Short web captions:
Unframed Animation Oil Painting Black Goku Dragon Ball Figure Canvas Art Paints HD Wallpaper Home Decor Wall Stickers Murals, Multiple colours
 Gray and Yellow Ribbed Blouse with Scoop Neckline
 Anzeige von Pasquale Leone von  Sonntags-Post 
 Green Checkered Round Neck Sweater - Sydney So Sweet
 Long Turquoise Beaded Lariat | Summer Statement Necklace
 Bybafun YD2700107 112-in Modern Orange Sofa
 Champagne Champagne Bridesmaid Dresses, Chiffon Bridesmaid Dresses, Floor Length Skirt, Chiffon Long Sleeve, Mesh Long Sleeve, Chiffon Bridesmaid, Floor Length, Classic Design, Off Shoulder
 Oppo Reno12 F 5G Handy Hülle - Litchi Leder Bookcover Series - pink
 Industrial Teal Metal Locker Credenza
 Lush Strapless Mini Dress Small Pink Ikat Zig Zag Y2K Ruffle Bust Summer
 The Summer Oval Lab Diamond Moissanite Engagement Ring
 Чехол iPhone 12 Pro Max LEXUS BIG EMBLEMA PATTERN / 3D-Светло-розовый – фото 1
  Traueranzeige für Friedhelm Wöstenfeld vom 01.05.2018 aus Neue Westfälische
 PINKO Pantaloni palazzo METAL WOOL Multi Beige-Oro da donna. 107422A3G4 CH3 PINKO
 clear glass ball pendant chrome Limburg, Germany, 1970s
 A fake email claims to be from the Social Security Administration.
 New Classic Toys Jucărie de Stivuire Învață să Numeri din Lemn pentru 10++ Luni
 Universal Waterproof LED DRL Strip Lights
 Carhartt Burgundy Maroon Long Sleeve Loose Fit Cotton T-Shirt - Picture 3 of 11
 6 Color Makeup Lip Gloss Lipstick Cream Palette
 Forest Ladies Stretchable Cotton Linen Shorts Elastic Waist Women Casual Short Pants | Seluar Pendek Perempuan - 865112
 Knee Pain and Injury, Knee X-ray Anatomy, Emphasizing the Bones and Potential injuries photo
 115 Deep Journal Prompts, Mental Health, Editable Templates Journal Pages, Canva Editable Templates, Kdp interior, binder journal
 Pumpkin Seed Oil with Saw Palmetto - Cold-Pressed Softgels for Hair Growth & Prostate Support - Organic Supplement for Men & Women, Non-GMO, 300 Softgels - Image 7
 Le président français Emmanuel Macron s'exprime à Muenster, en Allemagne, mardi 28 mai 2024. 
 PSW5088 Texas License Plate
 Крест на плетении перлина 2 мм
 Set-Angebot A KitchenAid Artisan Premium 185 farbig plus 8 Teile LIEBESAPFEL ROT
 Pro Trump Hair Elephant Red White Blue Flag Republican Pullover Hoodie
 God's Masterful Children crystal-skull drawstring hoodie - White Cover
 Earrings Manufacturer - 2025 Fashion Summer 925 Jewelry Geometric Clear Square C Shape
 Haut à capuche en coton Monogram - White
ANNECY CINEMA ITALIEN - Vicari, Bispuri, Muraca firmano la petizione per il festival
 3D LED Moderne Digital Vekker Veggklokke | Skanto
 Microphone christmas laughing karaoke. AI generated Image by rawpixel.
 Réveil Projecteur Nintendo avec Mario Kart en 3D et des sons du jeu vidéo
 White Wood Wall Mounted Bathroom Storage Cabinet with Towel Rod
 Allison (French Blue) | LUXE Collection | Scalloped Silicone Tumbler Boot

# [WHAT NEEDS TO BE DONE]
Would you retype exactly the lines above, from the line with "New Classic Toys" to the line with "White Wood Wall", with both end lines kept and nothing more?

# [TASK OUTPUT]
 New Classic Toys Jucărie de Stivuire Învață să Numeri din Lemn pentru 10++ Luni
 Universal Waterproof LED DRL Strip Lights
 Carhartt Burgundy Maroon Long Sleeve Loose Fit Cotton T-Shirt - Picture 3 of 11
 6 Color Makeup Lip Gloss Lipstick Cream Palette
 Forest Ladies Stretchable Cotton Linen Shorts Elastic Waist Women Casual Short Pants | Seluar Pendek Perempuan - 865112
 Knee Pain and Injury, Knee X-ray Anatomy, Emphasizing the Bones and Potential injuries photo
 115 Deep Journal Prompts, Mental Health, Editable Templates Journal Pages, Canva Editable Templates, Kdp interior, binder journal
 Pumpkin Seed Oil with Saw Palmetto - Cold-Pressed Softgels for Hair Growth & Prostate Support - Organic Supplement for Men & Women, Non-GMO, 300 Softgels - Image 7
 Le président français Emmanuel Macron s'exprime à Muenster, en Allemagne, mardi 28 mai 2024. 
 PSW5088 Texas License Plate
 Крест на плетении перлина 2 мм
 Set-Angebot A KitchenAid Artisan Premium 185 farbig plus 8 Teile LIEBESAPFEL ROT
 Pro Trump Hair Elephant Red White Blue Flag Republican Pullover Hoodie
 God's Masterful Children crystal-skull drawstring hoodie - White Cover
 Earrings Manufacturer - 2025 Fashion Summer 925 Jewelry Geometric Clear Square C Shape
 Haut à capuche en coton Monogram - White
ANNECY CINEMA ITALIEN - Vicari, Bispuri, Muraca firmano la petizione per il festival
 3D LED Moderne Digital Vekker Veggklokke | Skanto
 Microphone christmas laughing karaoke. AI generated Image by rawpixel.
 Réveil Projecteur Nintendo avec Mario Kart en 3D et des sons du jeu vidéo
 White Wood Wall Mounted Bathroom Storage Cabinet with Towel Rod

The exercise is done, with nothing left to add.